── Data ──
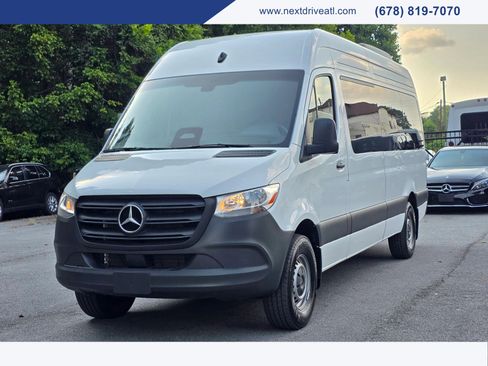 Used 2025 Mercedes-Benz Sprinter 2500 image 1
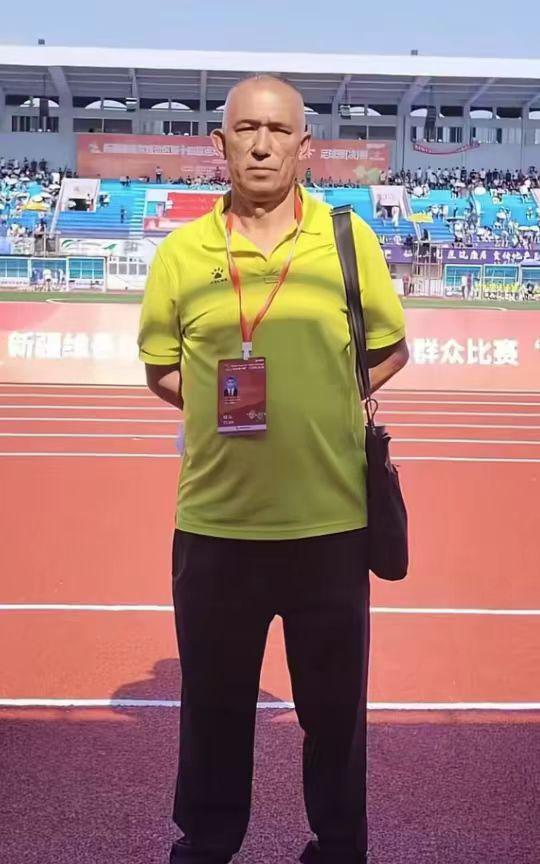 力去世！死因曝光是喀什第六中学传奇人物K8凯发·国际网站新疆知名足球教练阿迪
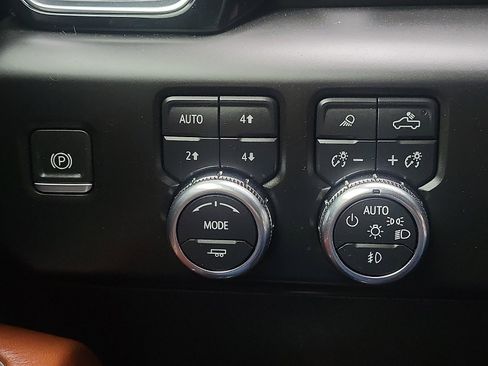Used 2023 GMC Sierra 1500 Denali Ultimate AWD/4WD image 16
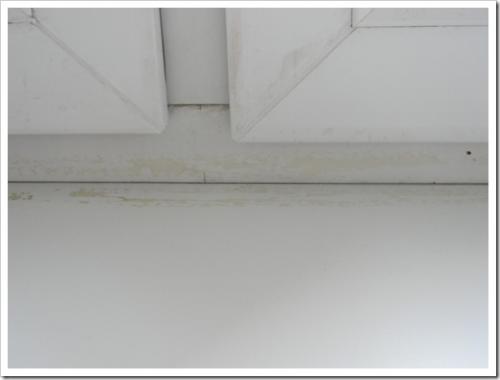 Ремонт протечки между пластиковым окном и подоконником. Чем заделать щель между окном и подоконником?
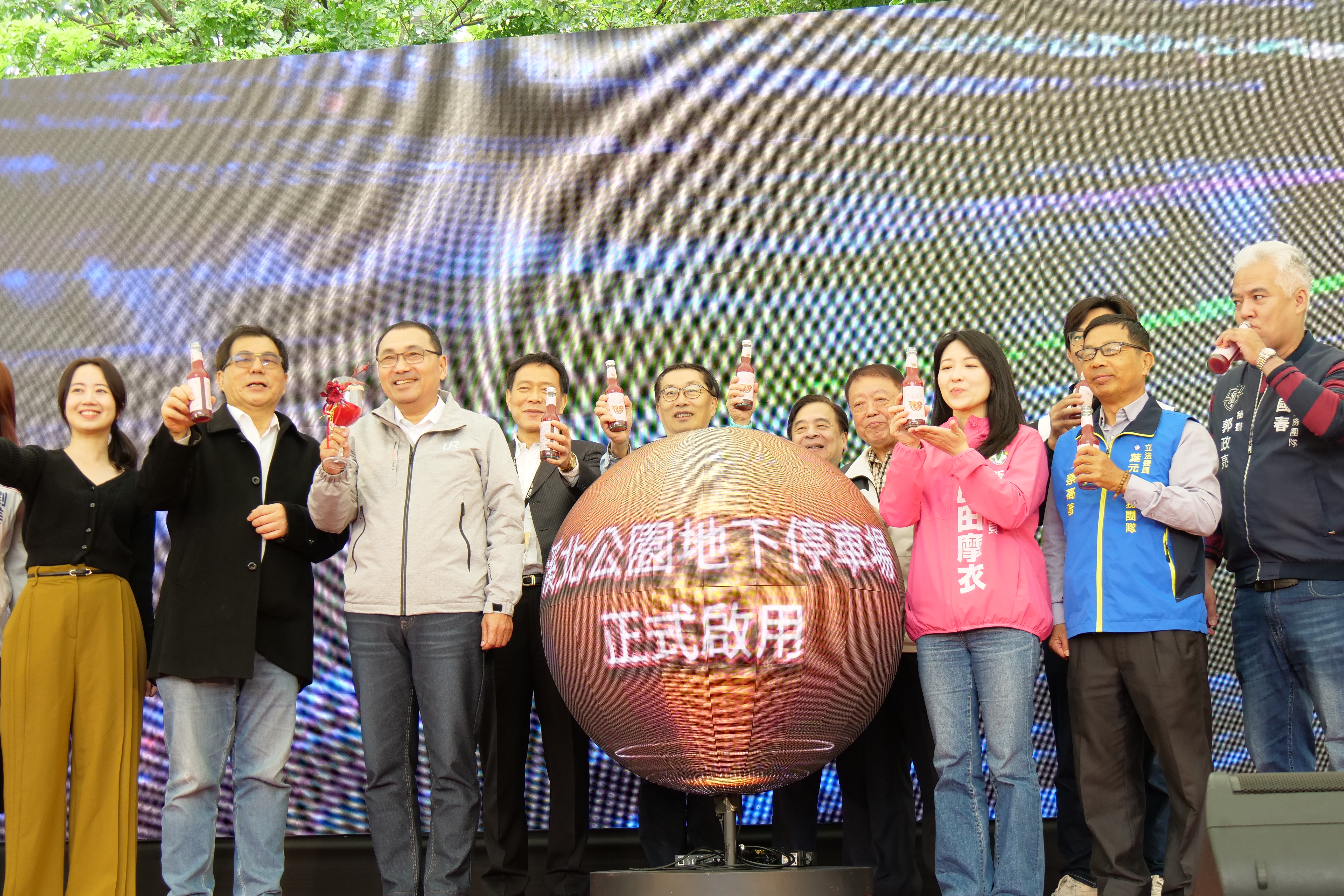 新北市長侯友宜宣布板橋溪北公園停車場從今晚18時起試營運1個月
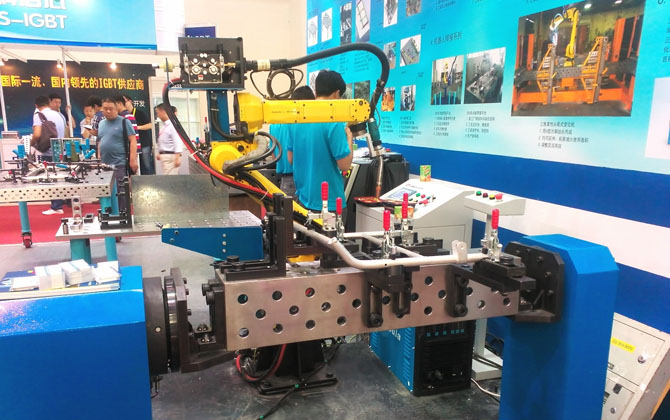 機器人柔性自動化變位焊接工裝系統——未來焊接工業的主角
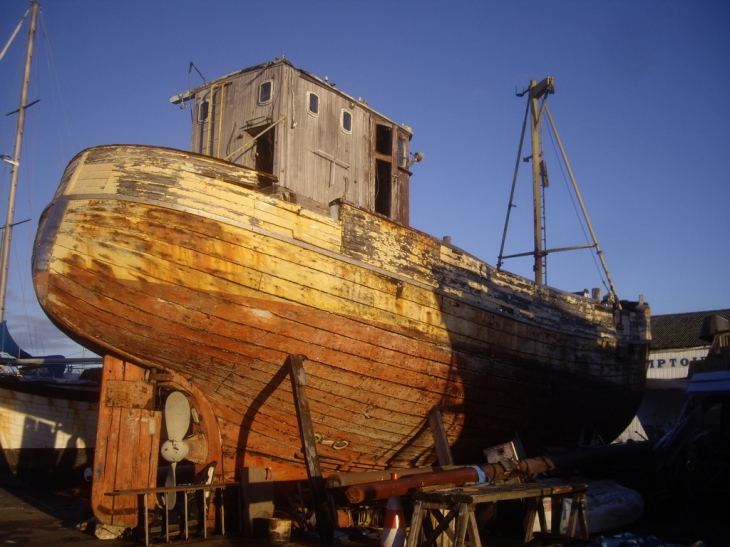 Restauration d'un vieux bateau aux Bassins à Flot. - Bordeaux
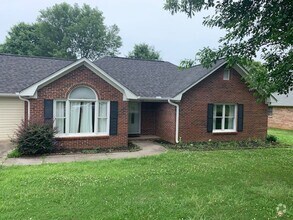Building Photo - 145 Chanel Dr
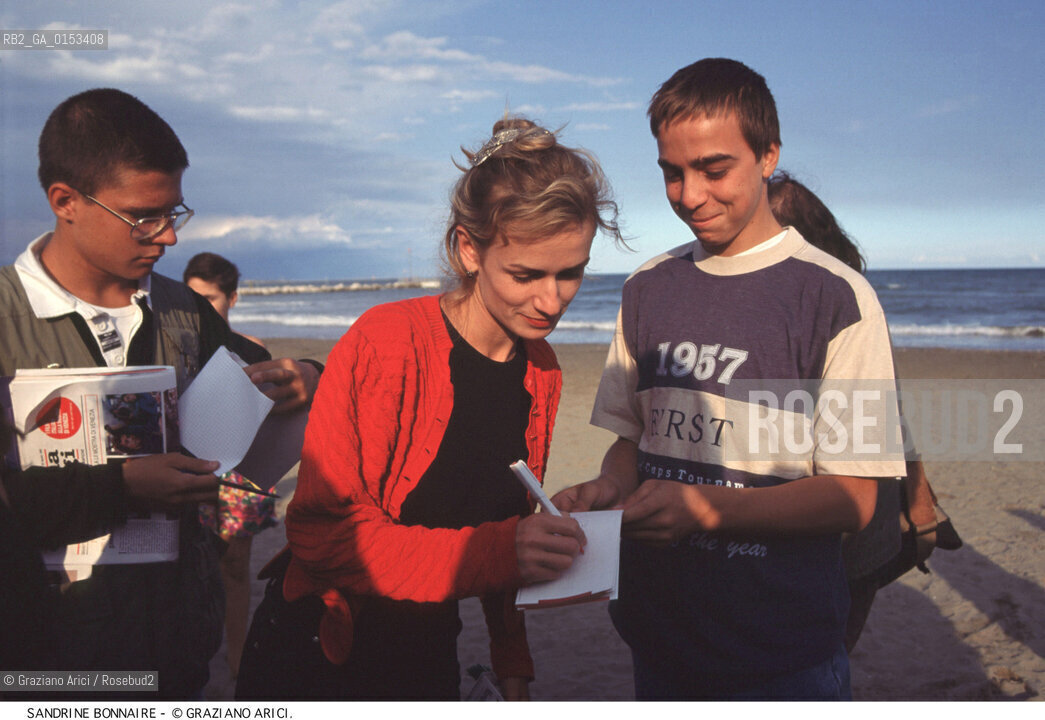 - Venezia,1995.Festival Internazionale dArte Cinematografica di Venezia.Ritratto dellattrice Sandrine Bonnaire Cinema ritratto attrice fan autografi spiaggia - Venice,1995.Venice International Film Festival.Portrait of the actress Sandrine Bonnaire ©Graziano Arici/Rosebud2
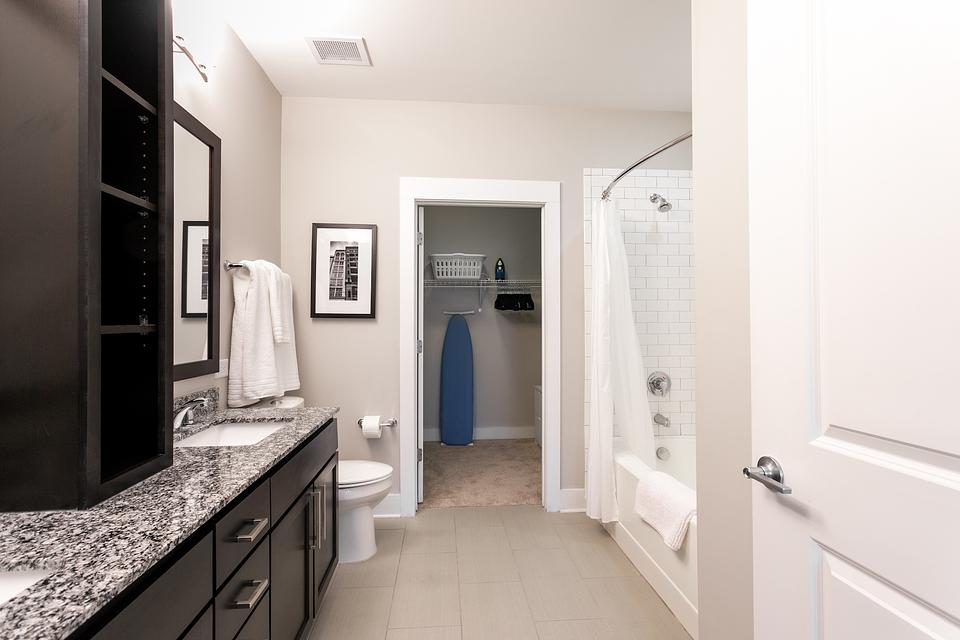 Rent Berkshire Dilworth 323 in Charlotte, NC Landing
───
• _Problem statement_: Although the records hold pictures, the copy must not; give again exactly the lines from the one with "Used 2023 GMC" through the one with "Building Photo - 145 Chanel Dr".

• _Your solution_:
Used 2023 GMC Sierra 1500 Denali Ultimate AWD/4WD image 16
 Ремонт протечки между пластиковым окном и подоконником. Чем заделать щель между окном и подоконником?
 新北市長侯友宜宣布板橋溪北公園停車場從今晚18時起試營運1個月
 機器人柔性自動化變位焊接工裝系統——未來焊接工業的主角
 Restauration d'un vieux bateau aux Bassins à Flot. - Bordeaux
Building Photo - 145 Chanel Dr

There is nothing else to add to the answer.